Returned manuscripts always catch me by surprise, turning up when they’re least expected. ‘Allow up to three months’, it states clearly beneath the publisher’s or literary agent’s name in the Writers’ & Artists’ Yearbook. Yet in the first few weeks after sending off part of my manuscript, I will open the mailbox every morning with an air of expectation. There will be a letter today, I tell myself, because they were immediately impressed by my novel. They are so in love with the first three chapters, they want me to express post the whole of my ‘promising first novel’ to them right away. Even better, they want me to come in and discuss my book, as well as any other ideas I might be working on, over a spot of lunch. They want me to sign a three-book deal, to know if I could do some promotional work at this year’s Frankfurt Book Fair, to invite me to a cocktail party so that I can meet some of their other authors. They want to know if I could make dinner with their chairman, Lord Wordsmith. That kind of thing.
But as the weeks pass silently by, my expectations diminish and I begin to approach the mailbox with less hope. I’ve been disappointed before, so why should it be any different on this occasion? I’m dealing with idiots after all. I’ve written three novels before this one, and around eight short stories over the past ten years, and they’ve all been turned down, so let’s not, as they say, give up the day job quite yet.
Eventually, I open the mailbox expecting nothing, or nothing except a rejection slip. And I know what to expect from a rejection slip; I know everything there is to know about rejection slips. Rejection slips are my metier.

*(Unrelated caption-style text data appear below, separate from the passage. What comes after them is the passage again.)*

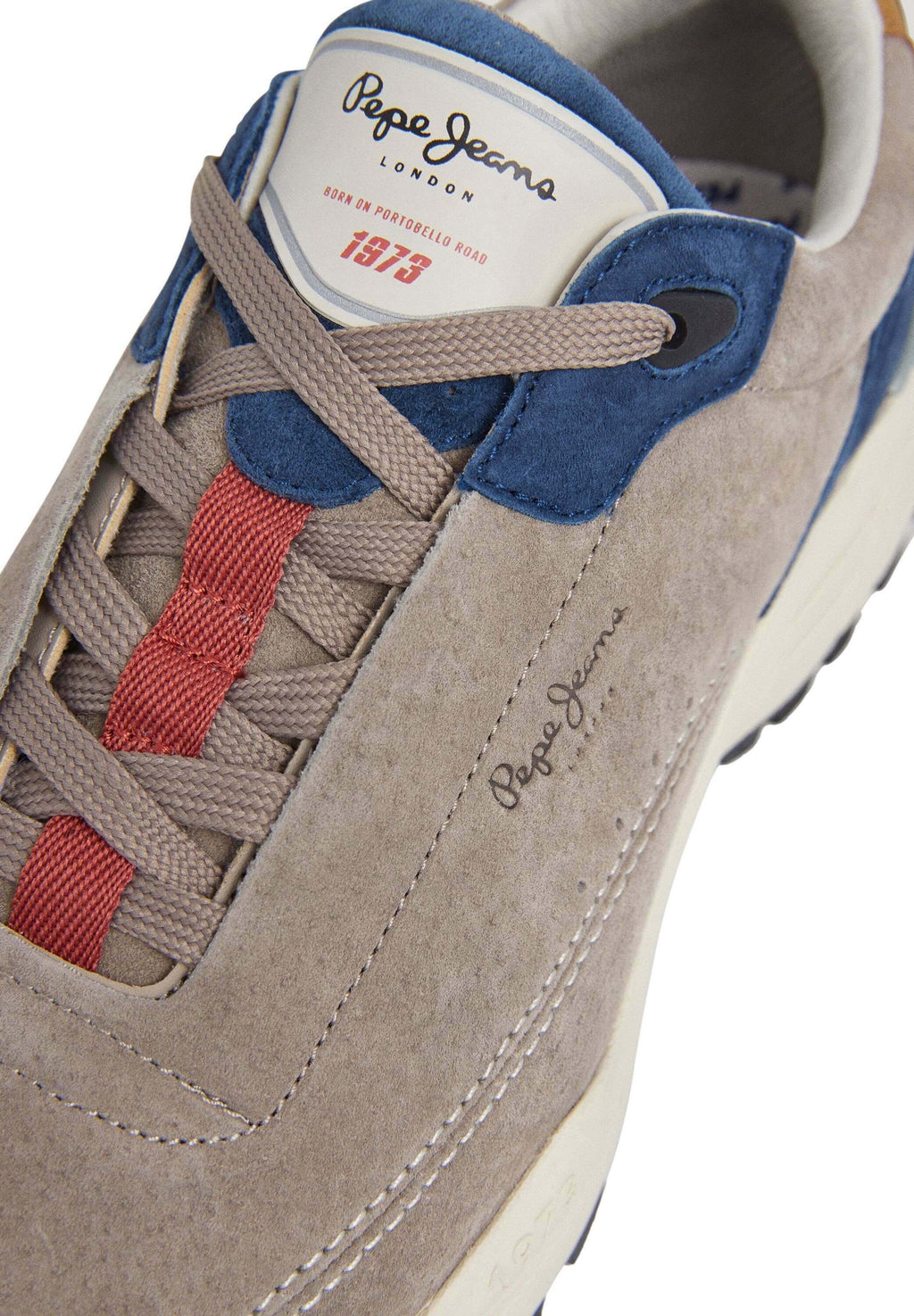 Pepe Jeans  DARREN CLIFF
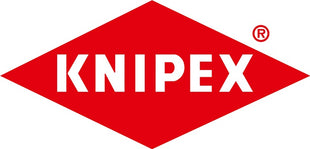 Pinza frontale KNIPEX TwinGrip, lunghezza 200 mm ( 8000883019 )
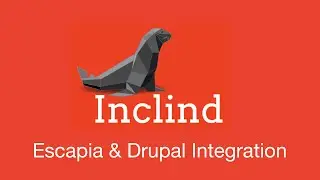 Escapia & Drupal Integration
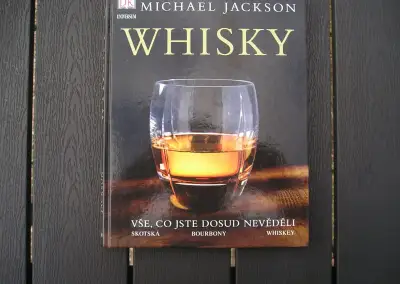 Kniha o whisky 2.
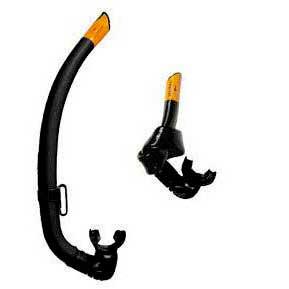 Beuchat Activa Tubair One Size Black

They’re usually in the form of a letter attached by a paperclip to the front page of the manuscript. A standard printed letter. I don’t even have to read it. Only three words are usually handwritten: my Christian name, after the printed word ‘Dear’, and, after a printed ‘Yours sincerely,’ the sender’s Christian name and surname. In between those three handwritten words is a pot-pourri of clichés from the publishers’ food cupboard. ‘Thank you for sending us your manuscript, thank you for having approached us, thank you for having given us the opportunity to view your material, thank you for letting us consider your work … We read your submission with interest … After careful consideration, we have decided it does not fit in with our list, we do not feel we would be the right publisher for your work, we see no possibility of the completed work being suitable for our list, we have to be confident of substantial sales before taking on a project … I fear we do not feel able to offer the representation you seek … I’m afraid that due to the sheer volume of material, owing to the large number of submissions we receive, as we receive around three thousand manuscripts a year … Regrettably, unfortunately, sadly …’ And so on and so forth, ad nauseam, ad nauseous. ‘We are unable to provide you with a more detailed response, we are unable to offer individual comments, we cannot give you a more personal response, we cannot offer critical comments … May I take this opportunity, may I wish you luck elsewhere with another house, agent or publisher, may I wish you every success in placing your work with another house, agent or publisher, may I, may I, may I … ’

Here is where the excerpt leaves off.